Every week, KCRW radio's Marc Porter Zasada sets out to fathom Los Angeles on his show The Urban Man. This week he talks about neighborhoods, how fragile they are and how easily they can be lost to bad traffic engineering:

On Monday you walked around the block for coffee and croissants, down where narrow streets filled pleasantly with a confusion of people and cars. There you idled in front of a flower shop and popped into a tiny market for apples, where you joked with the beautiful cashier.

Then lo, Tuesday morning you step out your door and find that someone has widened the street and added an on-ramp. At the end of the block, an Office Depot looms. Just like that, romance flees. Soon you're driving to Costco for apples and croissants.
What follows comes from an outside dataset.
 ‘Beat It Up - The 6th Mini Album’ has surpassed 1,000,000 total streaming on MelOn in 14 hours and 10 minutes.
Soon, you forget the beautiful cashier.

What happened? Someone saw the confusion of people and cars, and decided to improve your life with better traffic circulation. Your little local fling was sacrificed to that greatest of all affairs--the automobile. Your city squeeze was embraced by the great, gray sprawl of parking lots and Taco Bells.
The Urban Man goes on to claim that the best parts of Los Angeles are the neighborhoods where "traffic circulation" is lousiest. Well-meaning people rarely understand this. But if you look closely, the market understands this perfectly. The most inconvenient neighborhoods for driving have the highest property values; Beverly Hills, San Marino, Brentwood, the Palisades.

Urbanists have known for decades that the increased traffic speed of one-way streets makes walking less appealing. And they know that whenever circulation improves, people shop further, work further, and slowly abandon the love of neighborhood. These roads would cease being "neighborhood main streets." Most importantly, as the city spreads and thins, traffic ultimately gets...worse.
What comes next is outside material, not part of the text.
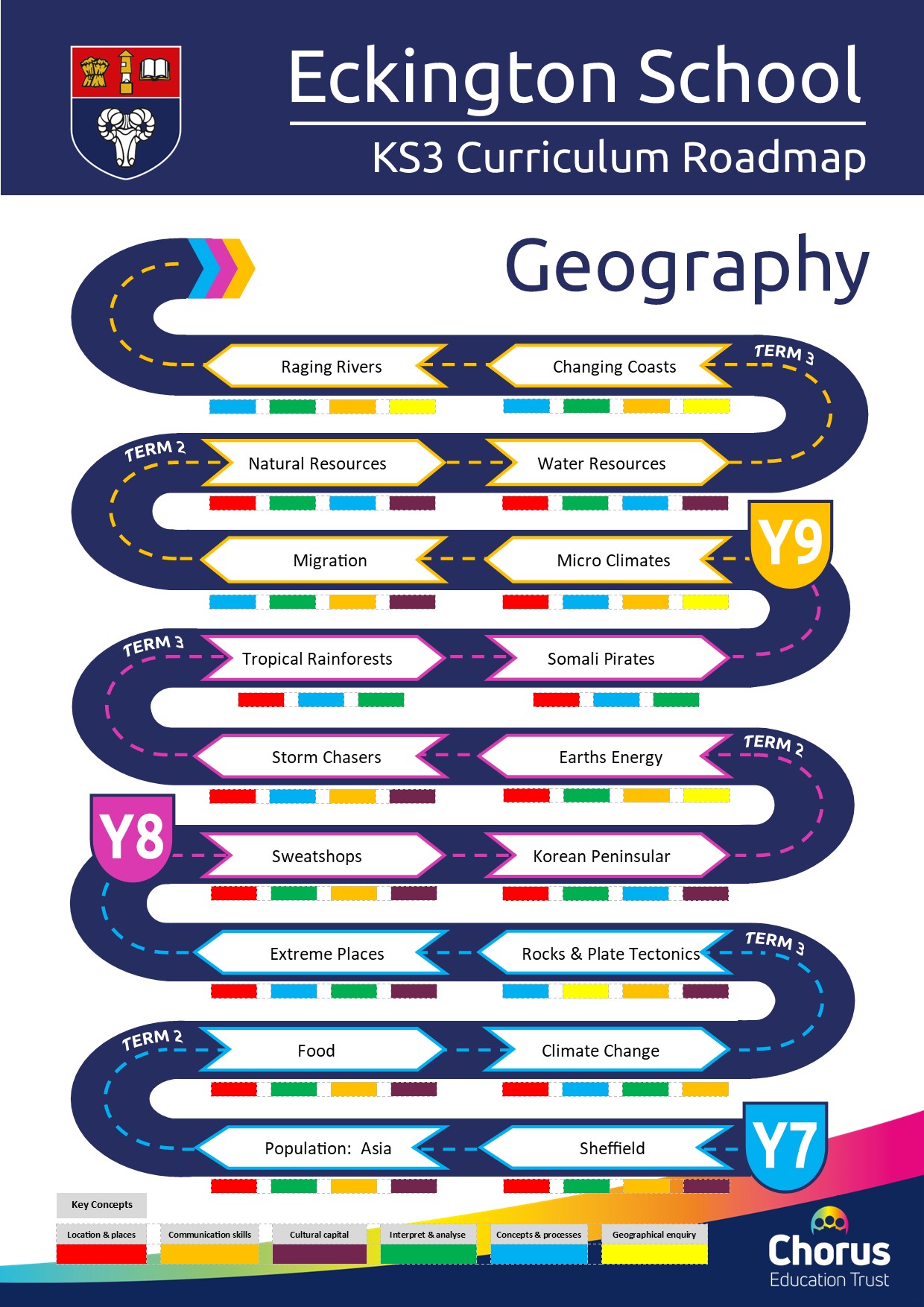 KS3 Geography Curriculum Roadmap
Back in 1961, the great urbanist Jane Jacobs wrote a book called The Death and Life of Great American Cities, which explained all this very clearly. And yes, across America, a few enlightened cities have stopped building expressways and have turned back to two-way traffic. They've learned to let congestion do its joyful work.

Maybe if every politician were forced to read Jacobs' book, their eyes would be opened. Maybe they'd see that a neighborhood with poor circulation is a neighborhood with hope--not to mention a place that might someday vote for subway bonds.

This morning the Urban Man strolls Pico near Robertson. This is my own little hood, where despite the immense wealth surrounding the boulevard, flower shops and cafes struggle. Like the politicians, I'm not sure they realize that improving circulation would make their situation worse, not better.

Personally, I'm thrilled to see drivers waiting in growing frustration for left hand turns. In fact, I'd like to propose making this area much more difficult to navigate in an automobile. Today, the Urban Man would like to formally propose narrowing Pico to one lane in each direction, then running a trolley right down the middle, from Downtown to the sea. Just imagine the complications. In fact, such a move might improve not just my neighborhood, but encourage many happy affairs in what could someday be a great city for people instead of cars.